ASSIGNMENT: Pictures in the data below are not part of the copy; transcribe everything else exactly.

RECORDED DATA:
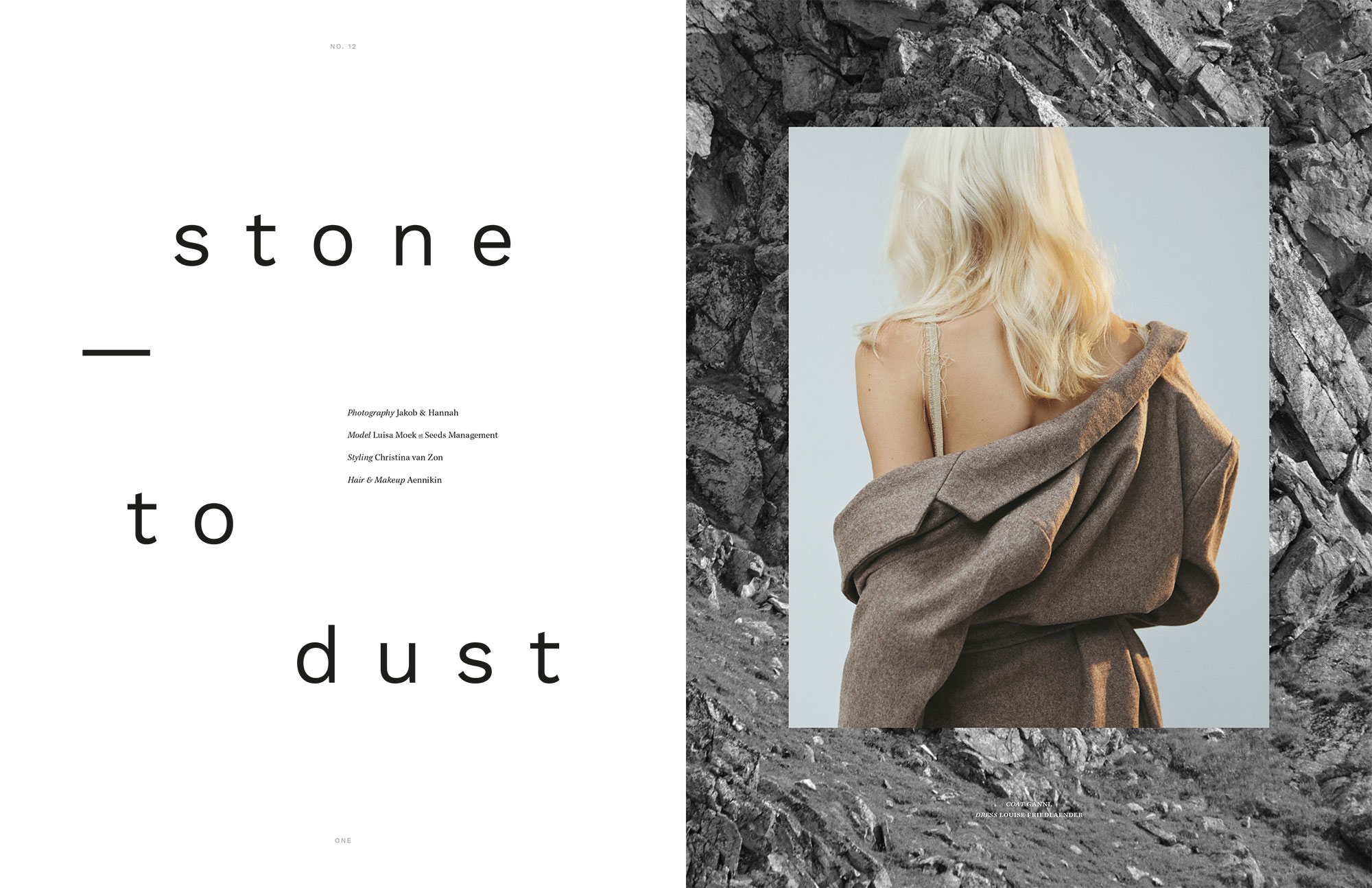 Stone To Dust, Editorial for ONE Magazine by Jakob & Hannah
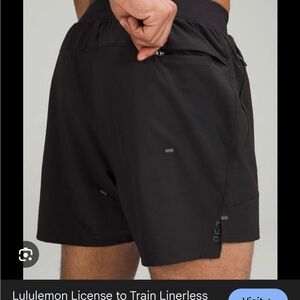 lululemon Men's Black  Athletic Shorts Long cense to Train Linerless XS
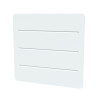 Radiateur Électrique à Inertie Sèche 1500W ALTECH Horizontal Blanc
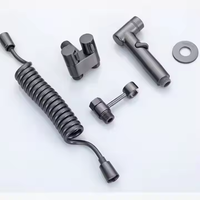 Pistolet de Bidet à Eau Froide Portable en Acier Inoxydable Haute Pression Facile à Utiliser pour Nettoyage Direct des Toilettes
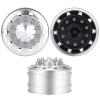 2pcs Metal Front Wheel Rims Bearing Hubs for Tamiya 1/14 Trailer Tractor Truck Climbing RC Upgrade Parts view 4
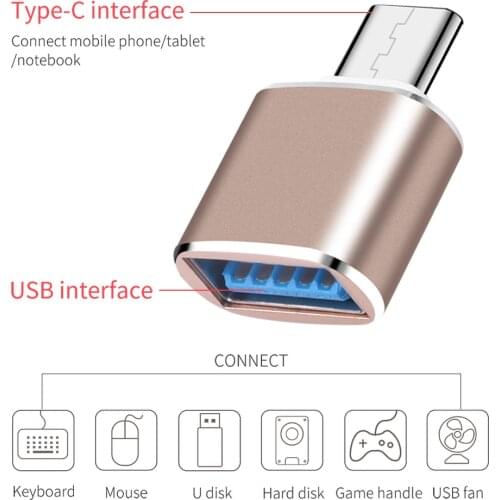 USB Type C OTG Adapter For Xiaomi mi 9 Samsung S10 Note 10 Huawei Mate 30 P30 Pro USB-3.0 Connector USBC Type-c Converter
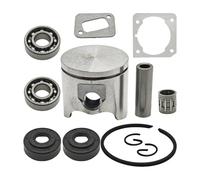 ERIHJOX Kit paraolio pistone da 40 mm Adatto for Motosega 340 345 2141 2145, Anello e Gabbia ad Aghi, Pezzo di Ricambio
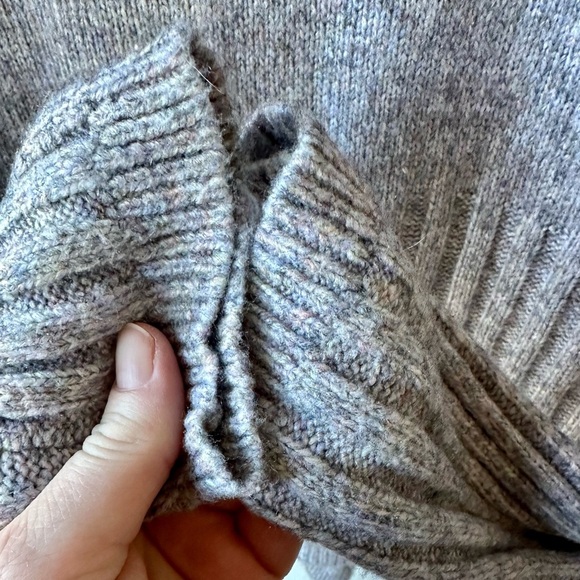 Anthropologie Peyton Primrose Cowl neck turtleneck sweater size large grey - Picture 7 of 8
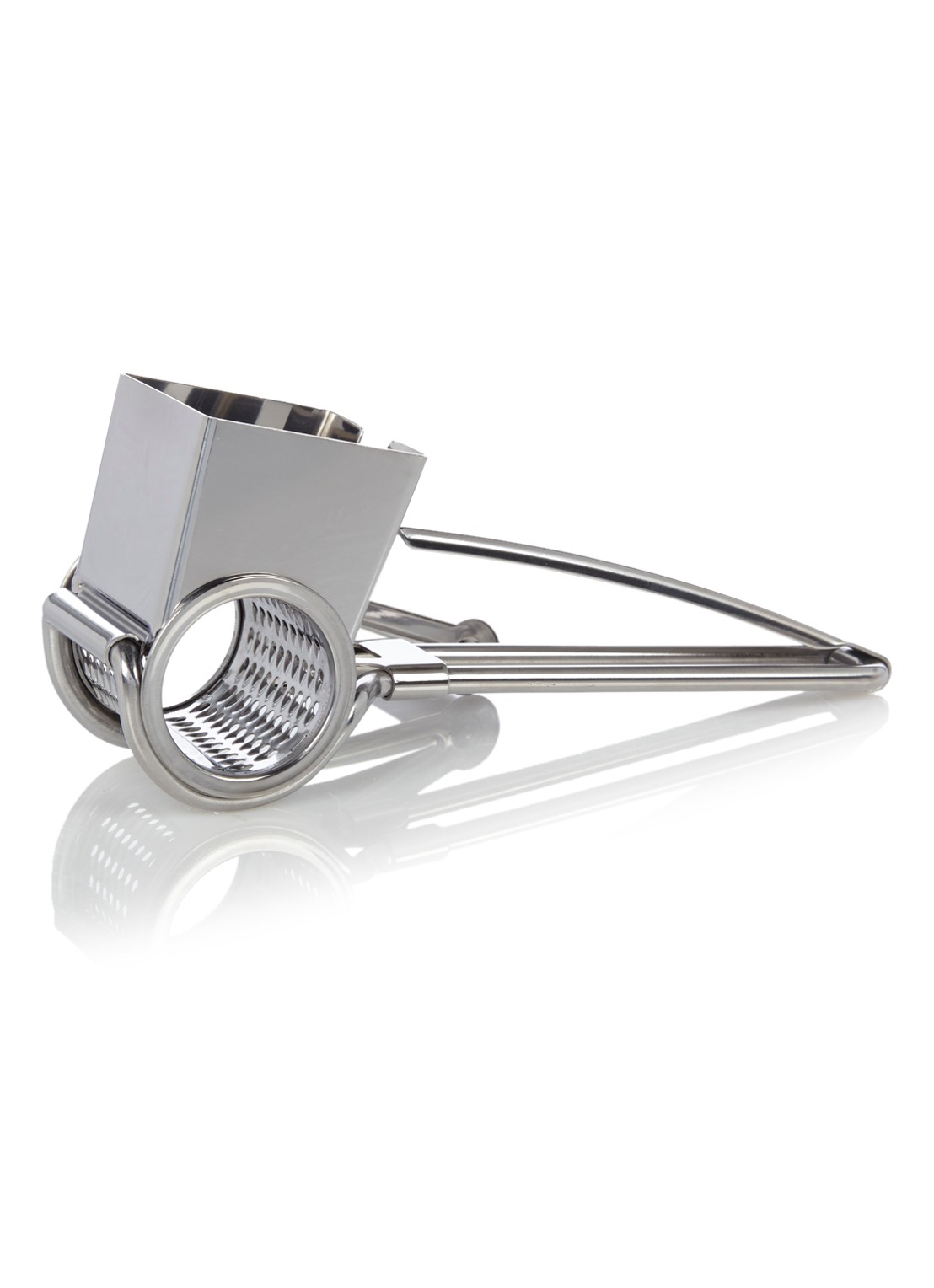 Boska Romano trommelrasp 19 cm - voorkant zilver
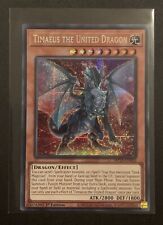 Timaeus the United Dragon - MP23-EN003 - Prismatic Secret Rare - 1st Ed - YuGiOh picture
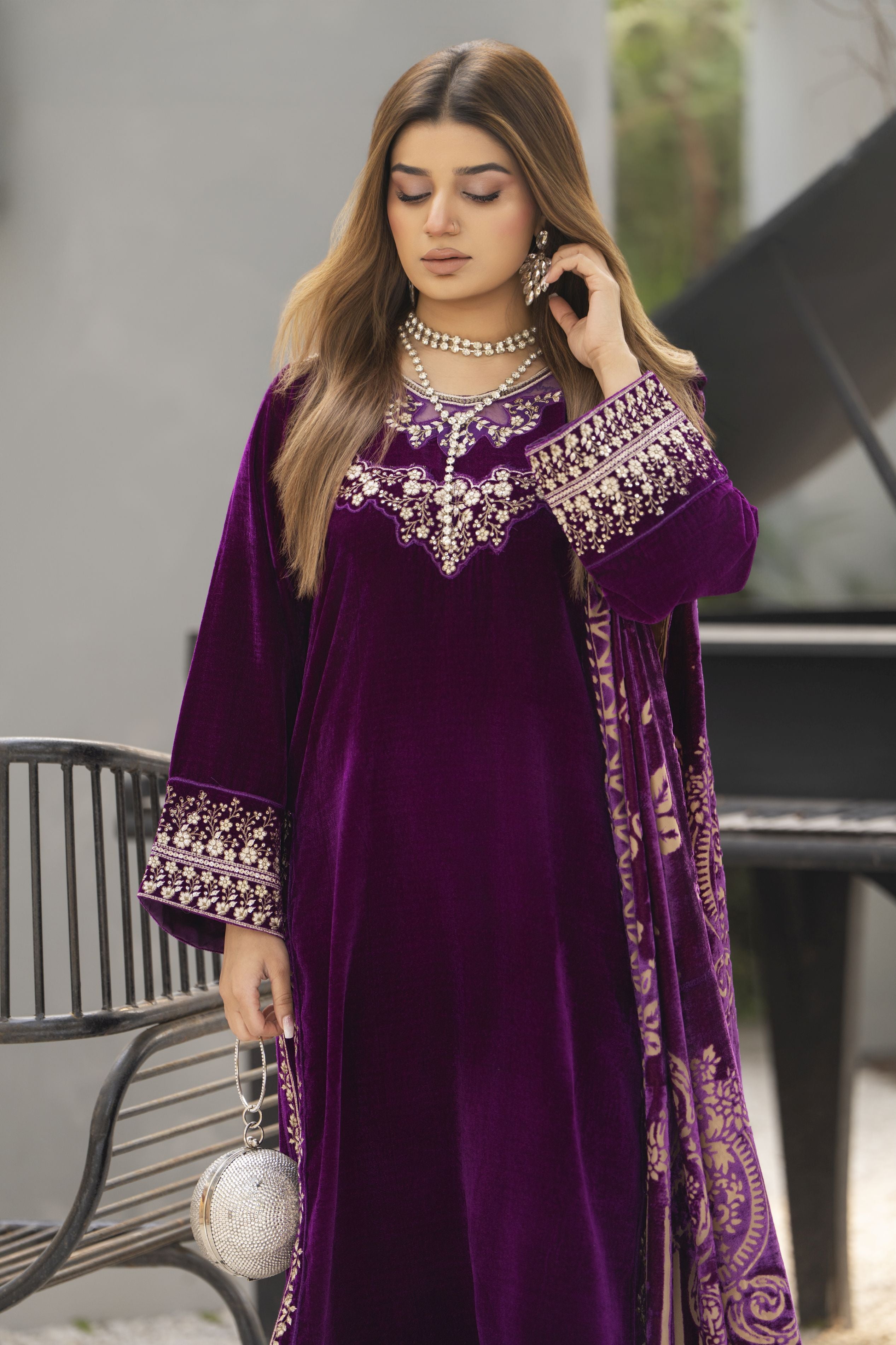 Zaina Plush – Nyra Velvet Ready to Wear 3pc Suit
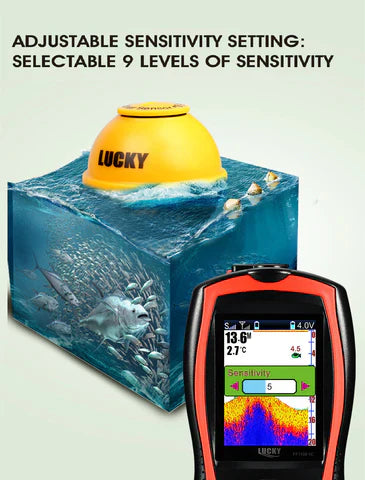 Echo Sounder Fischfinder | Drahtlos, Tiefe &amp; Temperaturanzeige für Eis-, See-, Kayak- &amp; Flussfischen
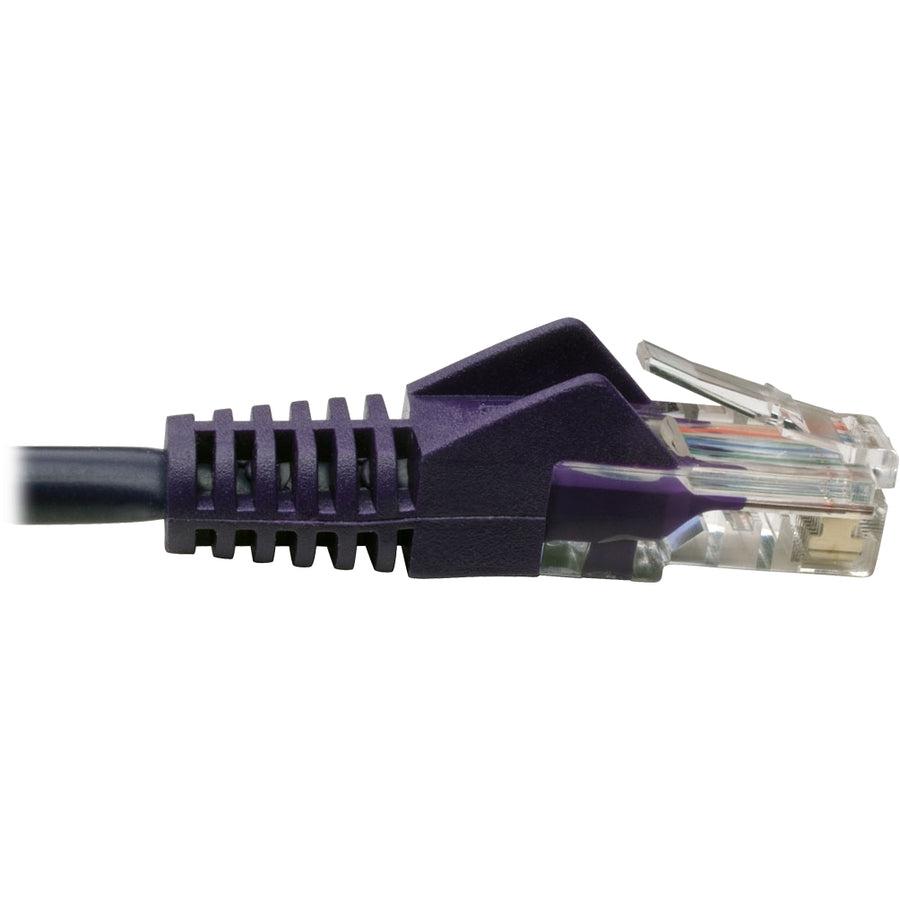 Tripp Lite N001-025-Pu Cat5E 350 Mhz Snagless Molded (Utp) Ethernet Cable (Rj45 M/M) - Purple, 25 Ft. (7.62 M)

RESULT OF THE EXERCISE:
 Stone To Dust, Editorial for ONE Magazine by Jakob & Hannah
 lululemon Men's Black  Athletic Shorts Long cense to Train Linerless XS
 Radiateur Électrique à Inertie Sèche 1500W ALTECH Horizontal Blanc
 Pistolet de Bidet à Eau Froide Portable en Acier Inoxydable Haute Pression Facile à Utiliser pour Nettoyage Direct des Toilettes
 2pcs Metal Front Wheel Rims Bearing Hubs for Tamiya 1/14 Trailer Tractor Truck Climbing RC Upgrade Parts view 4
 USB Type C OTG Adapter For Xiaomi mi 9 Samsung S10 Note 10 Huawei Mate 30 P30 Pro USB-3.0 Connector USBC Type-c Converter
 ERIHJOX Kit paraolio pistone da 40 mm Adatto for Motosega 340 345 2141 2145, Anello e Gabbia ad Aghi, Pezzo di Ricambio
 Anthropologie Peyton Primrose Cowl neck turtleneck sweater size large grey - Picture 7 of 8
 Boska Romano trommelrasp 19 cm - voorkant zilver
 Timaeus the United Dragon - MP23-EN003 - Prismatic Secret Rare - 1st Ed - YuGiOh picture
 Zaina Plush – Nyra Velvet Ready to Wear 3pc Suit
 Echo Sounder Fischfinder | Drahtlos, Tiefe &amp; Temperaturanzeige für Eis-, See-, Kayak- &amp; Flussfischen
 Tripp Lite N001-025-Pu Cat5E 350 Mhz Snagless Molded (Utp) Ethernet Cable (Rj45 M/M) - Purple, 25 Ft. (7.62 M)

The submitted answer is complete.